Defence lawyer Banabihari Mohanty said 90 witnesses had been listed, of whom 35 have deposed so far. The next date for hearing of the case is February 5. The accused duo, Ghanashyam Mahant, 37, and Ramjan Mahant, 34, were arrested on May 17 last year.
The two were absconding since January 22, 1999, when a violent mob of religious fanatics burnt alive Graham Staines and his two minor sons — Phillip and Timothy — at Manoharpur village in Keonjhar district. The mob suspected Staines of being engaged in forcible conversions.
A joint team of the CBI and police arrested Ghanashyam and Ramjan.
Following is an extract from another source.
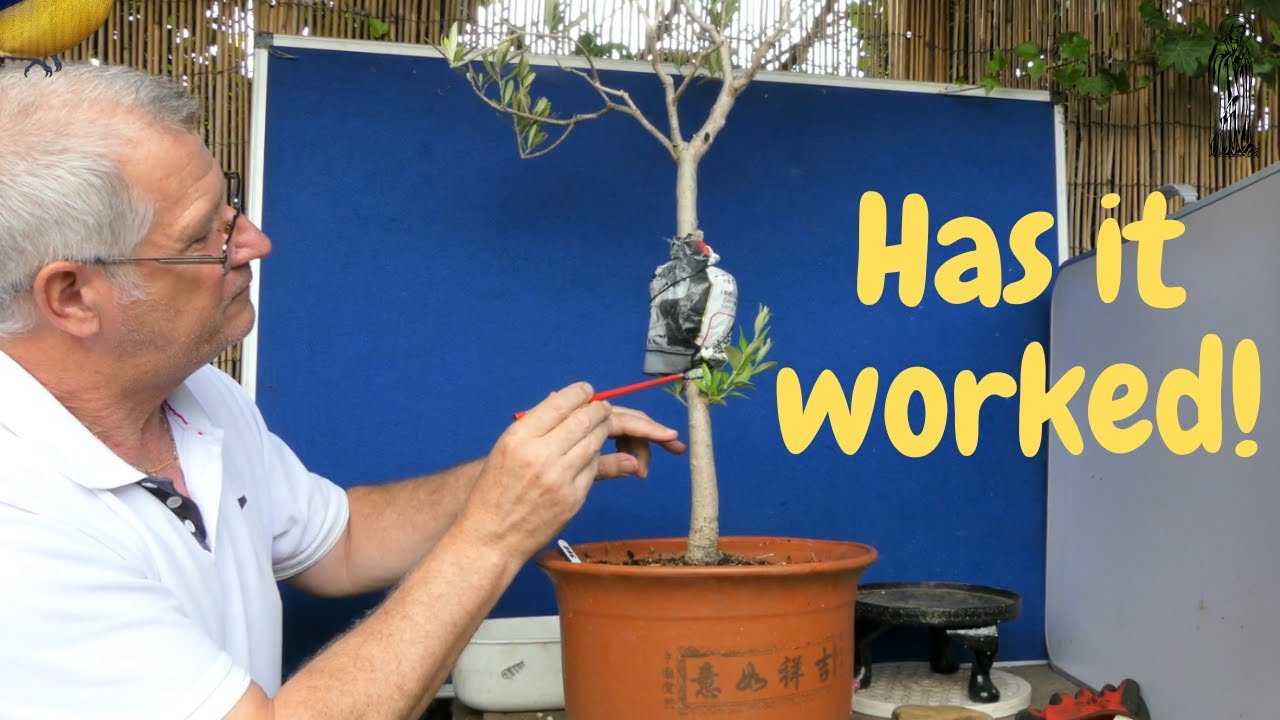 Was my first Bonsai Olive Airlayer a success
The CBI, which had taken charge of the case from state crime branch, charge-sheeted 18 persons. When the trial started, three persons, including these two and one Budhi Nayak, were at large. Budhi is still absconding.
The lower court had convicted 13 persons, including the main accused Dara Singh alias Ravindra Kumar Pal, who was awarded the death sentence.
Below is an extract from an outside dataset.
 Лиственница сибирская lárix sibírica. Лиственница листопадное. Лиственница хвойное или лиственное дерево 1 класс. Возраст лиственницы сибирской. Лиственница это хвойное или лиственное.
In 2005, the high court had acquitted 11 others, while commuting the death sentence awarded to Dara to life imprisonment. The court retained the life imprisonment awarded to another accused, Mahendra.
In January 2011, the Supreme Court upheld the life imprisonment of both Dara and Mahendra.
Since the death of her husband, Gladys and her daughter Esther has been spending most of her time in Australia. But she visits Odisha once in a while to oversee the anti-leprosy project in Baripada.